Remember when we reported a month ago or thus that Anthropic discovered that what is happening within AI models is very different from how the models themselves described their “thinking” process. Well, about this mystery, along with the latest language model (LLM), with countless others, you can now add the worst deception. And this chat is in accordance with the well -known name test in the boats, Openi.
New York Times reported It has shown that Openi’s latest GPT O3 and GPT O4-Mini major LLMS investigations have shown that they are at a much higher risk of making false information than the previous GPT O1 model.
“The company found that the O3-most powerful system-when its person’s benchmark is 33 percent time during the benchmark test, which includes answers to questions about public data. This is higher than the double rate of an open argue system, called O1.
“When another test is going on, whose name is simple, which asks for more common questions, the fraud rate for O3 and O4-mini was 51 percent and 79 percent. The previous system, O1, deceived 44 percent time.”
Open says further research needs to be understood as to why the latest models are deceitful. But according to some industry observers, the so -called “reasoning” model is the main candidate.

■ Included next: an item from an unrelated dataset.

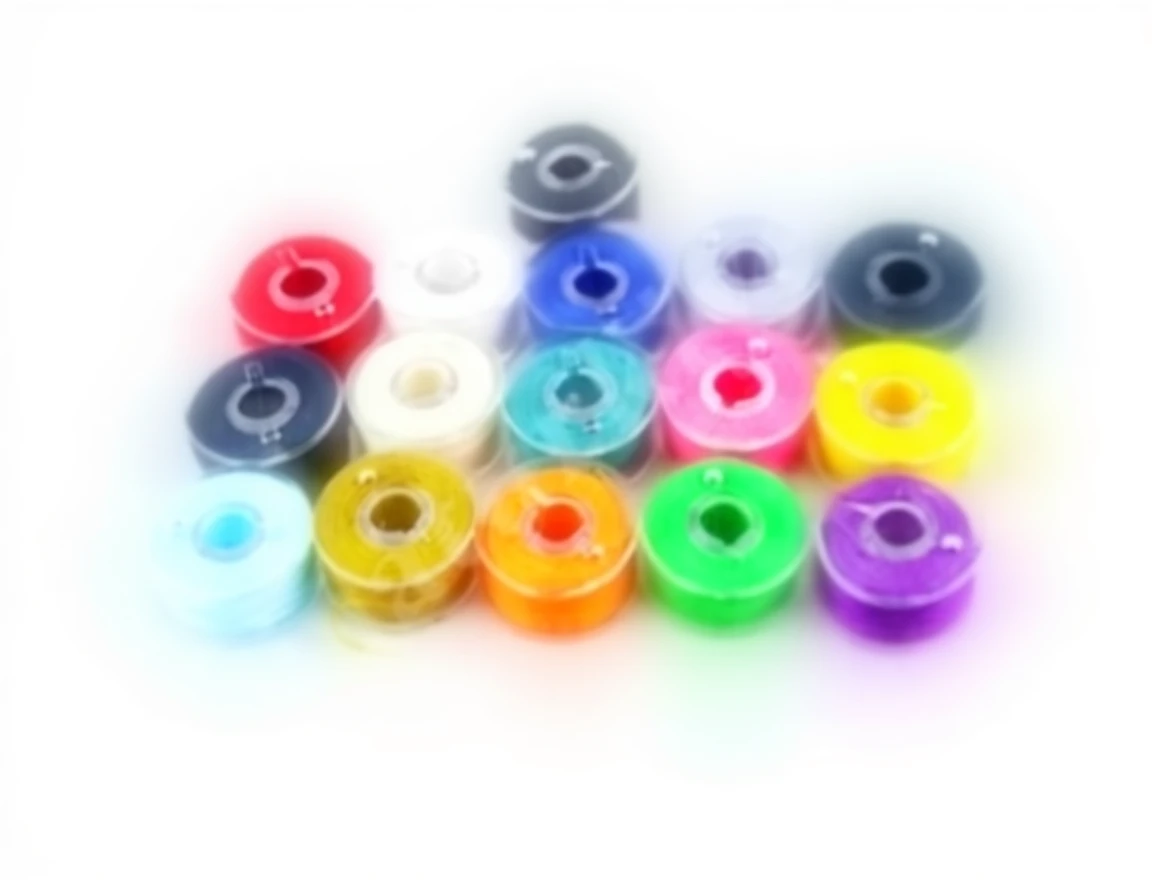 t46n8krc65rmy0cvzkw8gn8dec İşkur Machine Plastic Bobbin For Household Sewing Machine With 16 Colored Threads - Image 1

The Times claims that “the so-called reasoning system of companies like Openi, Google and Chinese Startup Dipsak are creating the most powerful and most powerful technologies-not less.”
In simple terms, the reasoning models are a type of LLM designed to perform complex tasks. Instead of just spitting the text -based text -based model, models of reasoning break the questions or tasks into individual actions that are equivalent to the human thinking process.
Open’s first argument model, O -1, came out last year and was claimed to perform PhD students in physics, chemistry, and biology, and defeat them in mathematics and codify thanks to the use of reinforcement techniques.
“How can a person think for a long time before answering a difficult question, O1 uses the chain of thinking when trying to solve a problem,” Openi said when O1 was released.
However, Openi has withdrawn against the story that models of reasoning are increasing the rate of deception. “Flexibility in the models of reasoning is not naturally high, though we are actively working to reduce the high rates seen in O3 and O4-mini,” Openi’s Gabby Royla told the Times.
Whatever the truth, one thing is definitely. AI models need to be largely nonsense and lies if they are just as useful as their supporters. As it stands, it is difficult to rely on the production of any LLM. A lot of things have to be double check carefully.
It’s fine for some tasks. But where the basic advantage is time or labor savings, the need to carefully check the evidence and reality defeats the purpose of using them instead of output. It remains to be seen whether the rest of the open and LLM industry can handle all these unwanted robots dreams.